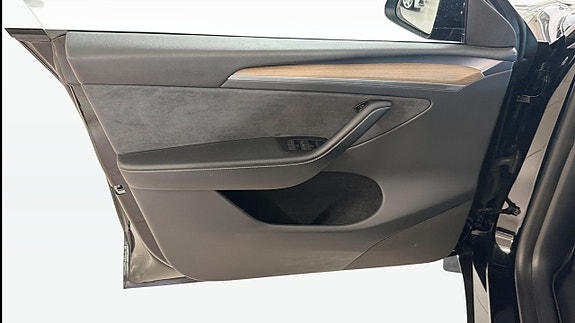 Tesla Model Y 11 of 22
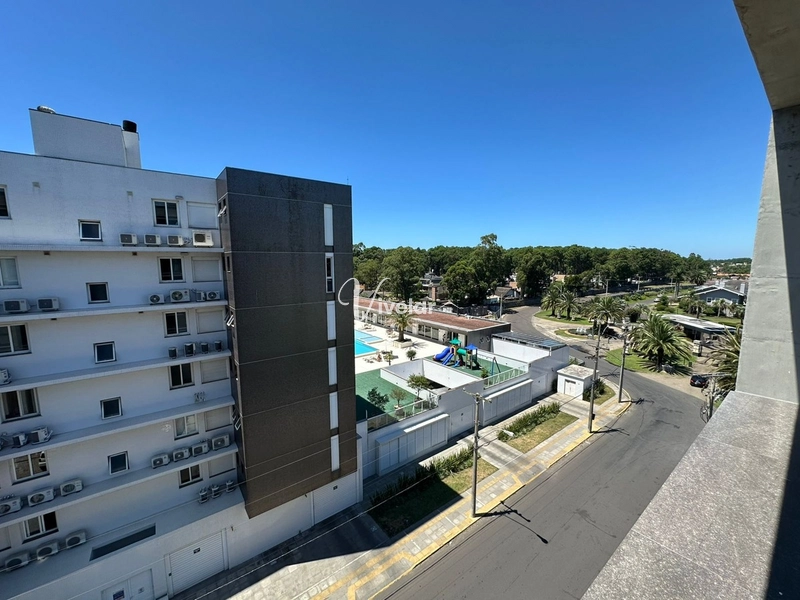 APARTAMENTO 1 DORM LINDAMENTE MOBILIADO E DECORADO: 3ª foto da galeria de imagens do imóvel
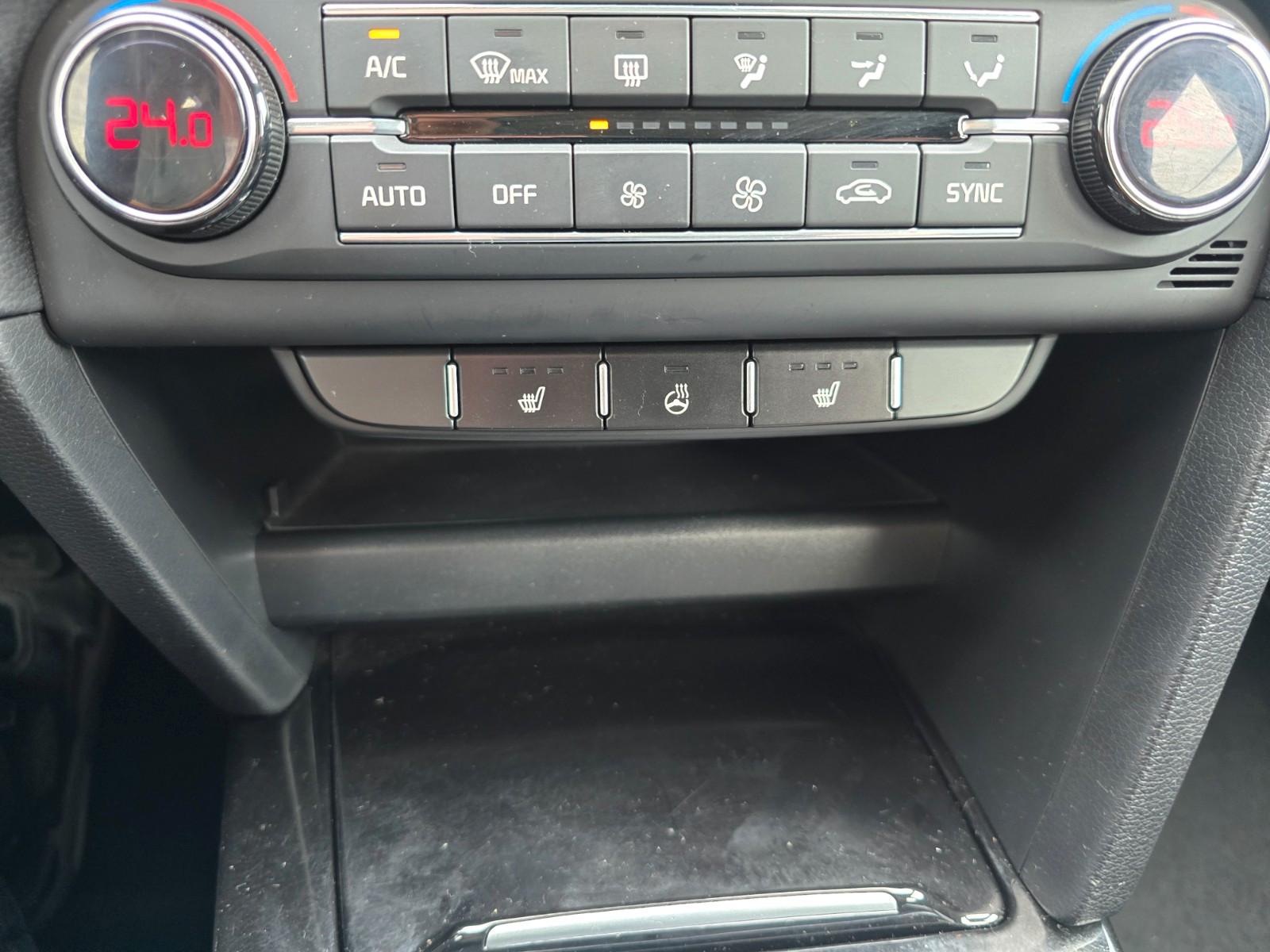 Kia Ceed Vision Automatik LED Alu Kamera Navi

**WHAT YOU WILL DO**
All of the material should be reproduced exactly, apart from the pictures.

**REPLY**
 Tesla Model Y 11 of 22
 APARTAMENTO 1 DORM LINDAMENTE MOBILIADO E DECORADO: 3ª foto da galeria de imagens do imóvel
 Kia Ceed Vision Automatik LED Alu Kamera Navi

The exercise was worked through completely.